Eu perdi a chance de entrar nessa disputa. Quando quis tornar mais acessível a obra de outro grande autor brasileiro, acrescentei cerca de trezentas notas de rodapé para explicar, contextualizar e indicar leituras complementares a respeito dos trechos mais difíceis de compreender, escrevi um texto de apresentação mostrando que educar vem de “ex ducere”, que significa “levar para fora”, e publiquei o livro pelo maior grupo editorial do Brasil. Nunca me ocorreu a ideia de alterar uma linha sequer dos textos originais, nem pedir verbas ao MinC para uma edição de 600 mil exemplares, muito menos construir um túnel com 60 mil livros no vale do Anhangabaú para o lançamento nacional. Estou quase arrependido, até. Se eu tivesse “descomplicado” (e ok: “esquerdizado”) diretamente Olavo de Carvalho, o Jabuti imaginário já estaria no papo. O militante petista Chico Buarque não há de concorrer nessa categoria.
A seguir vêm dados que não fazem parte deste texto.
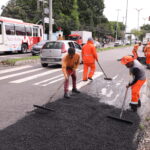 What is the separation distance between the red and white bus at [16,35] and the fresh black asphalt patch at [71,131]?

António Lobo Antunes, “complicado” escritor português, afirmou há anos: “O argumento ‘temos de pôr as pessoas a ler’ é idiota: o que temos é de ensinar as pessoas a ler. Até Lenine compreendia isto, ao afirmar que a arte não tem de descer ao povo, é o povo que tem de subir à arte. Claro que não é apenas um problema português, é um problema universal.” No Brasil das soluções agravantes, fazer a arte descer ao povo – e ainda dar uma acariciada em sua preguiçosa cabecinha – é dever de Estado. Se poesia é o que se perde na tradução, como escreveu Robert Frost sem nem conhecer Wagner Moura, literatura é o que se perde na versão reescrita, que ao menos rende alguns trocados para os participantes. A Folha não informou o quanto. O site do MinC é pior que o do Obamacare para descobrir. Mas que importa? Depois que Valesca Popozuda virou uma “grande pensadora contemporânea” e Gabriel, O Pensador do Enem, as questões de prova finalmente terão Machado “Secco” – sequinho mesmo – de Assis.
Será que ele vai dar beijinho no ombro também?